By the tale, told me by my parents, I had myself been born in a place called Camden, Ohio, and in the articles touching on my birthplace that have appeared in newspapers that town has always been named. It was one of the towns through which father and mother had trekked when they were first married.
Father must have had a little money at that time, as there is a tradition of his having been a merchant, and of course there were not, at that time, so many children. One could get up and out more easily. Moving, perhaps at night, from town to town, to escape bill collectors, was not so difficult. And then I fancy that, at first his own people, from time to time, sent him money. However, I know little of his people and only have the notion because I cannot conceive of his having earned it or of his having made it by his shrewdness.
And so he was a merchant then, the grandest thing one could be in a small Ohio town at that time. He kept shop in places known as Camden, Morning Sun and Caledonia, Ohio. I believe he and President Harding once played in the same brass band at Caledonia.
He was in the saddlery and harness business and you cannot fail to catch the flavor of that. There would be a little shop on the town’s main street with a leather horse collar hanging on a peg over the sidewalk before the door. Inside there would be shiny new harness hanging on the shop walls and, in the morning when the sun crept in, the brass and nickel buckles would shine like jewels.
Young farmers coming in with great work harnesses on their shoulders and throwing them with a great rattle and bang on the floor—the rich pungent smell of leather—an old man, a workman, a harness-maker, sitting on his horse and sewing a strap—on the floor by the stove a wooden box filled with sawdust into which the workmen and the visiting farmers, all of whom would chew tobacco, could spit—
Father prancing about—the young merchant then, with the young merchant’s heavy silver watch and gold chain—a prospective Marshall Field, a Wanamaker, a Julius Rosenwald, in his own fancy, perhaps.
“Hello, you, Ted.
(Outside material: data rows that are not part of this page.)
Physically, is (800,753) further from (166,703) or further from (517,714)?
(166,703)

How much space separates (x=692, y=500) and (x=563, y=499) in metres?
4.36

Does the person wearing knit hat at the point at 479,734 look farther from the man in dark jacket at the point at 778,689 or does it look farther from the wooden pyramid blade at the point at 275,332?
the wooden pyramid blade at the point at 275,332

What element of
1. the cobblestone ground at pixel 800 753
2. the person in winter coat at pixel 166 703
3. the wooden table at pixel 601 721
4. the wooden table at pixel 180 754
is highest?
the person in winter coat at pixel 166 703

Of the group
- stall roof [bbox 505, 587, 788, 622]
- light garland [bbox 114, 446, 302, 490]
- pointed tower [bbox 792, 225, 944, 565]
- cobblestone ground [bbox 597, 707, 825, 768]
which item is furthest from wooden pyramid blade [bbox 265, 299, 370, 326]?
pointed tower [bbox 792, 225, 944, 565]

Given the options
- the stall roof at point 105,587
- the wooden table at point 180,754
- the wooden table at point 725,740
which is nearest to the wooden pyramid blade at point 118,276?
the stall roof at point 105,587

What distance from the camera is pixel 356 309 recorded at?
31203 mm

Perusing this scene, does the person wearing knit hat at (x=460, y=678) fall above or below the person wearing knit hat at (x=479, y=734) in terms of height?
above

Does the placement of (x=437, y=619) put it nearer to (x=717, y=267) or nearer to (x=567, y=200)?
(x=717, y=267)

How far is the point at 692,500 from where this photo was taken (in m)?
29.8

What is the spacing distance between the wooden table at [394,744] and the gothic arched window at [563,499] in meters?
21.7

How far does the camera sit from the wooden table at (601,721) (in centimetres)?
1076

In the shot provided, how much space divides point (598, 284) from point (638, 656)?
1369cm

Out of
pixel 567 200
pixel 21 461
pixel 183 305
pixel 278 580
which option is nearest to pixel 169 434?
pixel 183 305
When you go’en a get that trace sewed up? These new fangle factory harnesses ain’t worth a tinker’s dam. How’s wheat looking out your way? No, the frost ain’t all out of the ground yet. What do you think of elections, eh? D’you hear what that fellow said—‘all Democrats ain’t horse thieves, but all horse thieves is democrats’? Do you think Frank Means will make it for sheriff?”
That—in just that tone—and in a small frame house on a side street of the town myself waiting to be born.
What is a birth? Has a man no rights of his own?